"Après ces tristes moments, tu te sentiras bien isolé dans cette demeure; tu verseras beaucoup de larmes; tu m'appelleras peut-être, et je ne répondrai pas: ne t'égare point en regrets inutiles; adresse-toi seulement à Celui qui nous répond toujours, quand nous l'invoquons avec confiance. Tu n'auras jamais mieux compris ce que peut son secours. Tout te manquera, mais il te tiendra lieu de tout."

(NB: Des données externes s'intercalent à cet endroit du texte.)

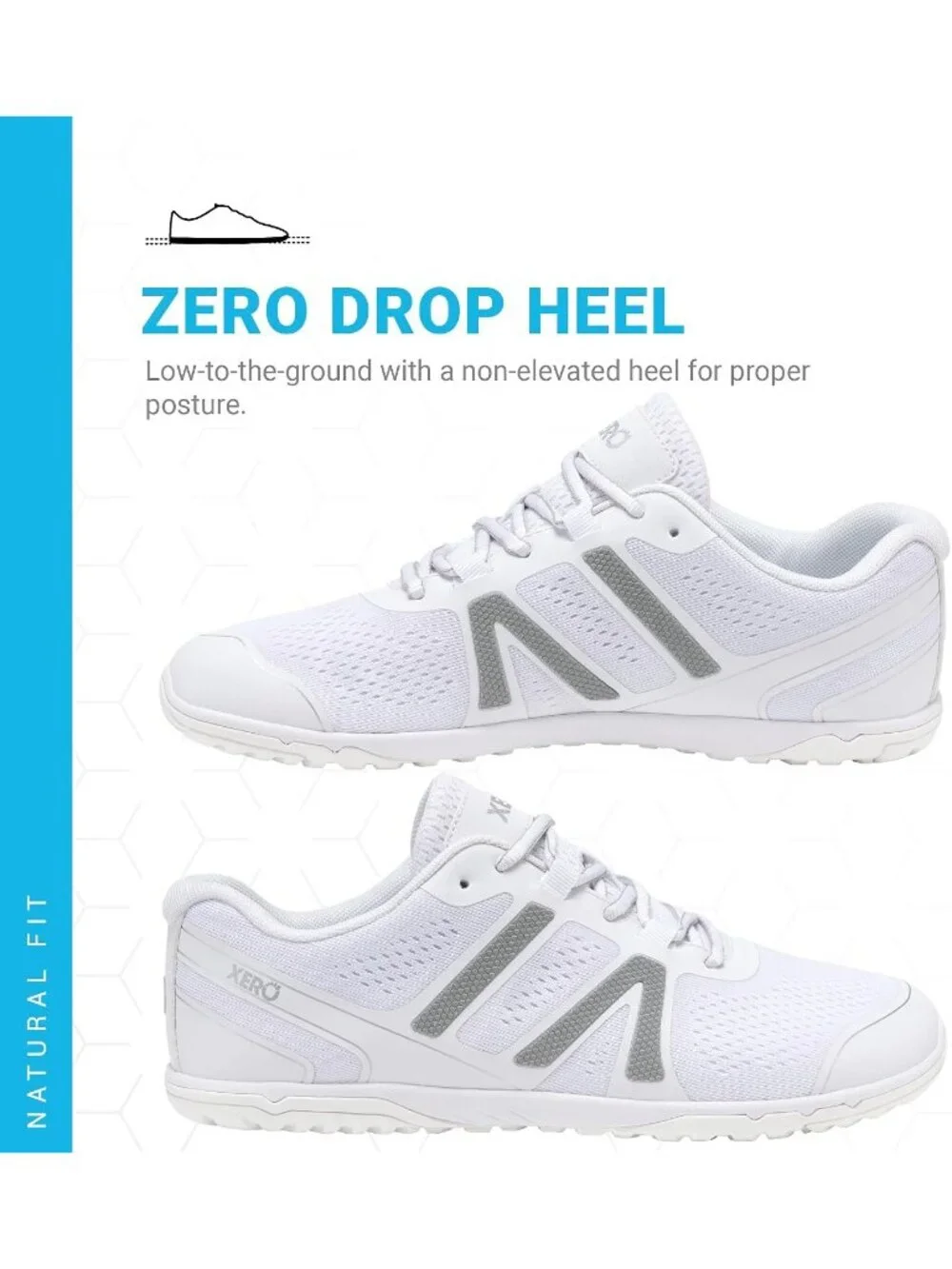 Xero Men's White Rubber Lightweight Lace Up Running Comfortable Athletic Shoes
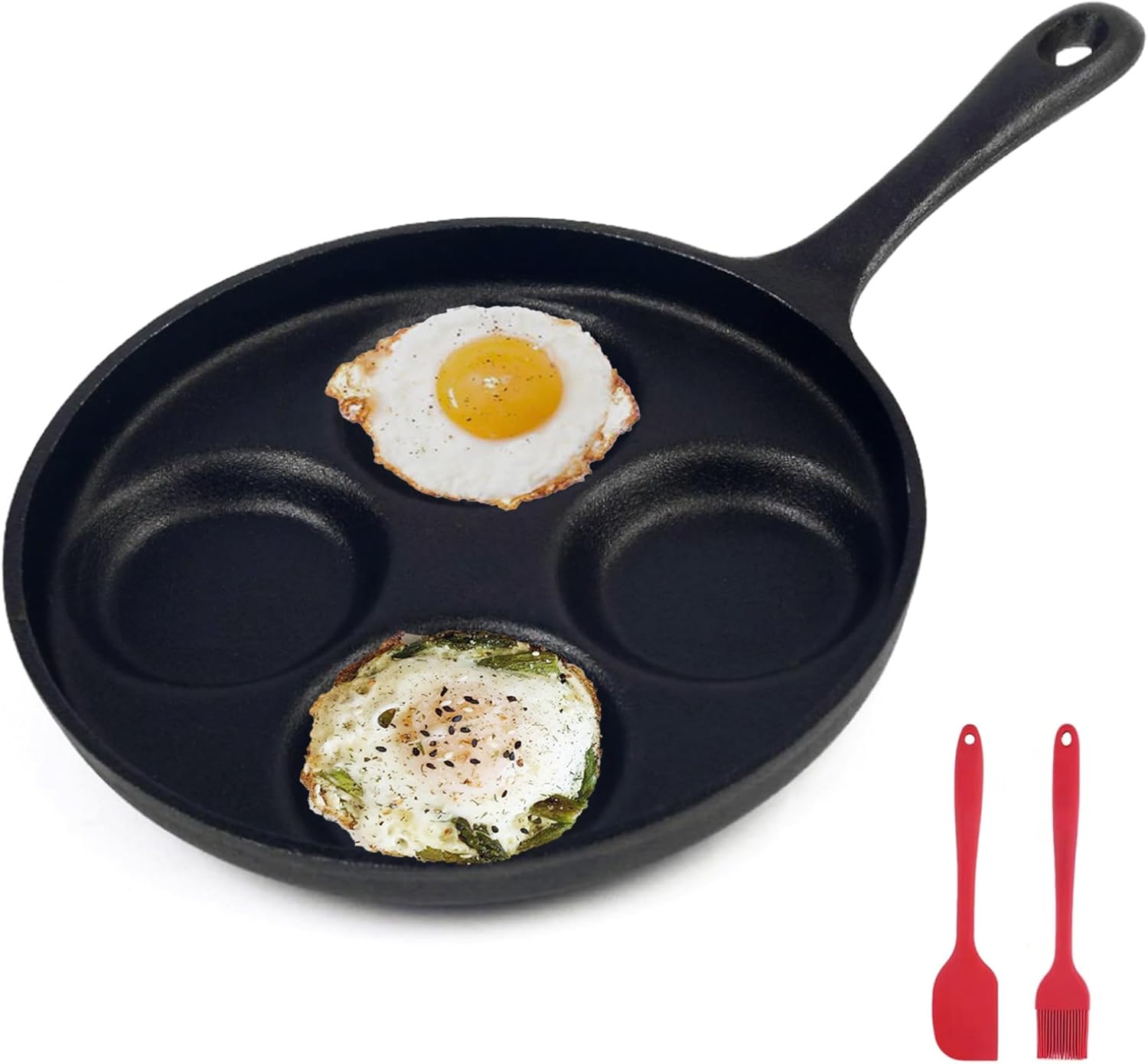 4-Cup Cast Iron Fried Egg Pan 9.5” Pancake Pan Burger Omelet Cooker Griddle Egg Skillet for Breakfast, Kitchen Cookware for Gas Stove & Induction Cooker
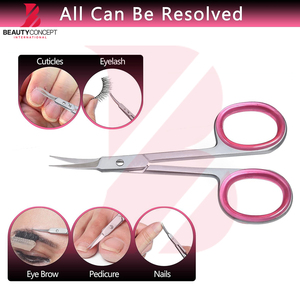 Tijeras para Cutículas de Alta Calidad con Mango de Goma Rosa, Acero Inoxidable, Precisión Profesional, con Estuche de Cuero - Product Image 2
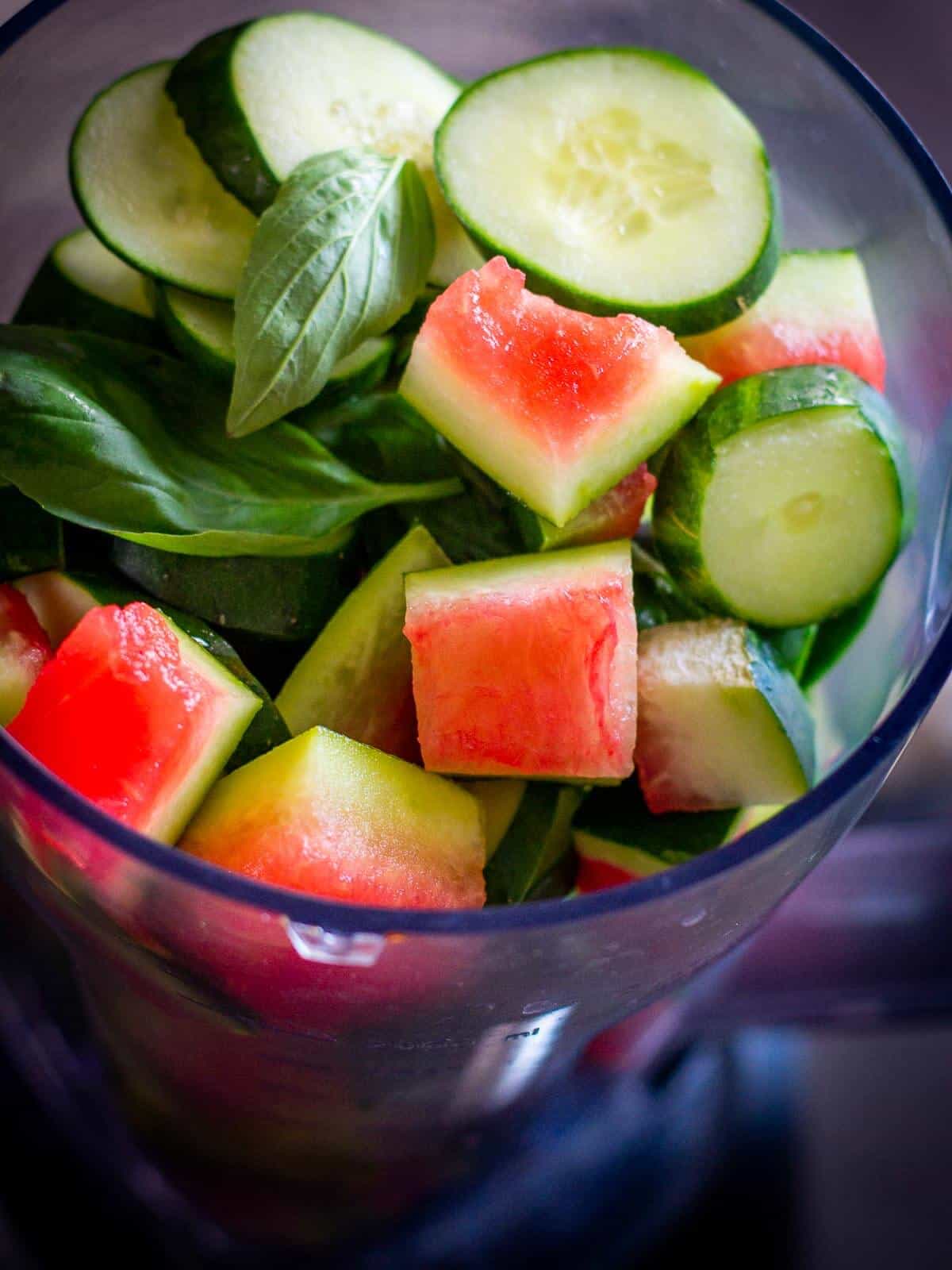 Watermelon Rind Gazpacho ingredients in blender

Telles sont les exhortations que mon grand-père m'a adressées ce matin; et, comme s'il se trouvait soulagé de me les avoir faites, il s'est montré depuis plus tranquille, plus serein et presque joyeux. Pour moi, je ne peux me persuader qu'un esprit si libre et si ferme habite un corps près de se dissoudre. Le danger a été mis sous mes yeux, et il me semble encore éloigné. Dieu veuille confirmer mes heureux pressentiments!
Le 6 Janvier.
Encore un jour accompli! C'est ce que nous répétons chaque soir. J'ai toujours plus de sujets d'impatience, et il me semble que le printemps ne viendra jamais. Serait-ce la crainte de l'isolement, dont mon grand-père me présentait l'image, qui causerait mon inquiétude? Je cherche à repousser ces lâches sentiments; je ne veux plus penser à moi, afin que Dieu me trouve plus digne de sa faveur. Ah! si je lui demande de guérir mon aïeul, ce n'est pas dans mon intérêt, ni pour m'épargner l'horreur de la solitude!
Le 7 Janvier.
L'obscurité est plus triste pour les malades; on dit même qu'elle peut nuire à la meilleure santé. La lumière est faite pour l'homme et l'homme pour la lumière. Nous nous sommes avisés ce matin d'un moyen de ménager l'huile, sans demeurer tout à fait dans les ténèbres. Nous avons fabriqué un lumignon avec une tranche mince de bouchon de liége, à laquelle nous avons fixé une mèche très menue. Cette faible clarté suffit à mon travail; elle réjouit un peu mon grand-père. Nous en userons ainsi à l'avenir, et nous n'allumerons guère la lampe, car je reconnais, dans ce moment, qu'il m'est à la rigueur possible d'écrire sans cela.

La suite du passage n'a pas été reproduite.